◆ **What the task asks**
Beginning with the line that holds "Rio De Janeiro™ Ribbed Knit Beanie" in the data below, give again every line through the one that holds "Moving Down: Spouse", exactly as written.

(Records for processing begins)

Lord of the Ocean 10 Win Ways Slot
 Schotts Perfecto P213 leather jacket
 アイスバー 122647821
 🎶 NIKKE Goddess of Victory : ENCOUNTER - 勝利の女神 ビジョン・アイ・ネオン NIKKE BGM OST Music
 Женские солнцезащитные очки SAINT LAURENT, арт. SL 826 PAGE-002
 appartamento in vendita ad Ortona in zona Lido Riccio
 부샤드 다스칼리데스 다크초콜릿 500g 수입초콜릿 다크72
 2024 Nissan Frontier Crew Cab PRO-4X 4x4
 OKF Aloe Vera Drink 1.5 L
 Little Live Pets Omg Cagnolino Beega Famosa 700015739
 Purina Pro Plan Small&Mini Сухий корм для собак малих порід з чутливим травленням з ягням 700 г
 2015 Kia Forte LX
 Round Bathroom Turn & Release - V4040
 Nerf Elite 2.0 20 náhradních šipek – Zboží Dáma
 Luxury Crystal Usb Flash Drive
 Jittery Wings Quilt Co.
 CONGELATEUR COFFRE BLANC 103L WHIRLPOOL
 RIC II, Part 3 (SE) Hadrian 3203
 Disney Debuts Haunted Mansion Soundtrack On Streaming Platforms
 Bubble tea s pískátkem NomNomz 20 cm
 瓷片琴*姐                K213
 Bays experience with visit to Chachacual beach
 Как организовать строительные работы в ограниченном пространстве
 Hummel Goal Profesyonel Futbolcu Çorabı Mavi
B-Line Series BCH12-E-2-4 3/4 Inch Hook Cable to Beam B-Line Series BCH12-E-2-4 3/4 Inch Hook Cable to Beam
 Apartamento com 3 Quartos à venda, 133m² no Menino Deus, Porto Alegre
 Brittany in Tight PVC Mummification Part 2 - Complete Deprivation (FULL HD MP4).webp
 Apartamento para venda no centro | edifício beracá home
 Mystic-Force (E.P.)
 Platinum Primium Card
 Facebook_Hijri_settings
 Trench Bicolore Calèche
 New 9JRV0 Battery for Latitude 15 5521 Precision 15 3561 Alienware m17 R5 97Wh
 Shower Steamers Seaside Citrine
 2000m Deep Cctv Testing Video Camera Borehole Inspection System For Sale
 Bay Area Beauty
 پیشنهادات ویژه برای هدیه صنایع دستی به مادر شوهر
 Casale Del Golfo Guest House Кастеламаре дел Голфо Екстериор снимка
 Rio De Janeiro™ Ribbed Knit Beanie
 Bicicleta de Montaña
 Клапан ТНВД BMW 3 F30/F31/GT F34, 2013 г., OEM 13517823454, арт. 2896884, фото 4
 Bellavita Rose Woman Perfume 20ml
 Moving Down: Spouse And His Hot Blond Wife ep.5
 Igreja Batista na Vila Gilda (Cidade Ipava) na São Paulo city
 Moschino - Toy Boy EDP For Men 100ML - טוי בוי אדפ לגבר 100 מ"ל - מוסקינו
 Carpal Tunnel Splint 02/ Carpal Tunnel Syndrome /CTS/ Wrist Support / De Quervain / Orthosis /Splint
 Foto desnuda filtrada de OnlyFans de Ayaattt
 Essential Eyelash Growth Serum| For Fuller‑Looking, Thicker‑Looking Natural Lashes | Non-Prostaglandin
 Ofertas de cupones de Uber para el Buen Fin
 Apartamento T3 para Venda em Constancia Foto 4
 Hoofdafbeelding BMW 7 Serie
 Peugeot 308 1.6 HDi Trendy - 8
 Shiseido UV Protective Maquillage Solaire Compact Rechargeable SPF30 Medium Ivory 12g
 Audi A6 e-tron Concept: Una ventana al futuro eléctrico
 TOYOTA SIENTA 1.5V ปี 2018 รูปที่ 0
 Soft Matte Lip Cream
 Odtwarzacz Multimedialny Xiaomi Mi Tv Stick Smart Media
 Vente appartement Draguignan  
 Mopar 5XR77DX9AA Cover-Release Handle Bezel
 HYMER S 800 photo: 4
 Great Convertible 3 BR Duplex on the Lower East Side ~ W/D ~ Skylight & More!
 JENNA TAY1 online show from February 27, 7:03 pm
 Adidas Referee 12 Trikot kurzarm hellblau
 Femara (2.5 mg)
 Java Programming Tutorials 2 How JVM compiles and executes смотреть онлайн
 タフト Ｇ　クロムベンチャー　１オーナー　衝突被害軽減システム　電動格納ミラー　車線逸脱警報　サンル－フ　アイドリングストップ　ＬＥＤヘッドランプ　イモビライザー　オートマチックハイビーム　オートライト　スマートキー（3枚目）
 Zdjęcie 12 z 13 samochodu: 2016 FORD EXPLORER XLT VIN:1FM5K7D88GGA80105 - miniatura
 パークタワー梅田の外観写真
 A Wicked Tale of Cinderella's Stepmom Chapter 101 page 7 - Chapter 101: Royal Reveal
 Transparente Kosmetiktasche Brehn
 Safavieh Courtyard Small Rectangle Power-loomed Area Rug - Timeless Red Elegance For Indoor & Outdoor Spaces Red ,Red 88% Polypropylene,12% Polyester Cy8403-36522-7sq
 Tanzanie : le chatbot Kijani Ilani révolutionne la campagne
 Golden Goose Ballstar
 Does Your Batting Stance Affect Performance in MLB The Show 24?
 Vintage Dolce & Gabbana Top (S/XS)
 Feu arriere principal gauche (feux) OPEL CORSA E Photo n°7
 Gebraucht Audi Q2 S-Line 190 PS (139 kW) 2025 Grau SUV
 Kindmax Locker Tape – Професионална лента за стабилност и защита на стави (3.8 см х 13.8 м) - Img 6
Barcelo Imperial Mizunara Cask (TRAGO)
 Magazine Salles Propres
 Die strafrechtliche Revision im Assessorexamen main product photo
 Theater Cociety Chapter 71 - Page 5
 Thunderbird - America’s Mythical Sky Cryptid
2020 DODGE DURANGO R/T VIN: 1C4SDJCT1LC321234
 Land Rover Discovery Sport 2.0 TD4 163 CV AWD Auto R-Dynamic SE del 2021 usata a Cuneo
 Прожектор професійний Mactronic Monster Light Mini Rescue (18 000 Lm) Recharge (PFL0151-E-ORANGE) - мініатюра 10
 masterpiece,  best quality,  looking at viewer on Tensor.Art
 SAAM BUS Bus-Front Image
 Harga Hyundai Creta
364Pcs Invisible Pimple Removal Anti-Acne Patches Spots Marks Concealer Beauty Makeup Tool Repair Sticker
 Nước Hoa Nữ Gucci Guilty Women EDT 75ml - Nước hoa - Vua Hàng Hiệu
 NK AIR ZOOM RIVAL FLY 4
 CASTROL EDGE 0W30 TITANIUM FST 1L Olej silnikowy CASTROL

(Records for processing ends)

◆ **Task answer**
 Rio De Janeiro™ Ribbed Knit Beanie
 Bicicleta de Montaña
 Клапан ТНВД BMW 3 F30/F31/GT F34, 2013 г., OEM 13517823454, арт. 2896884, фото 4
 Bellavita Rose Woman Perfume 20ml
 Moving Down: Spouse And His Hot Blond Wife ep.5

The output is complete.